* [Exercise aim]:
Each line of the listing needs to be given again exactly.

* [Data segment]:

-----

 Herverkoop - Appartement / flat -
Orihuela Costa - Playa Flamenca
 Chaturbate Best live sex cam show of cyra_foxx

-----

* [Completed exercise]:
 Herverkoop - Appartement / flat -
Orihuela Costa - Playa Flamenca
 Chaturbate Best live sex cam show of cyra_foxx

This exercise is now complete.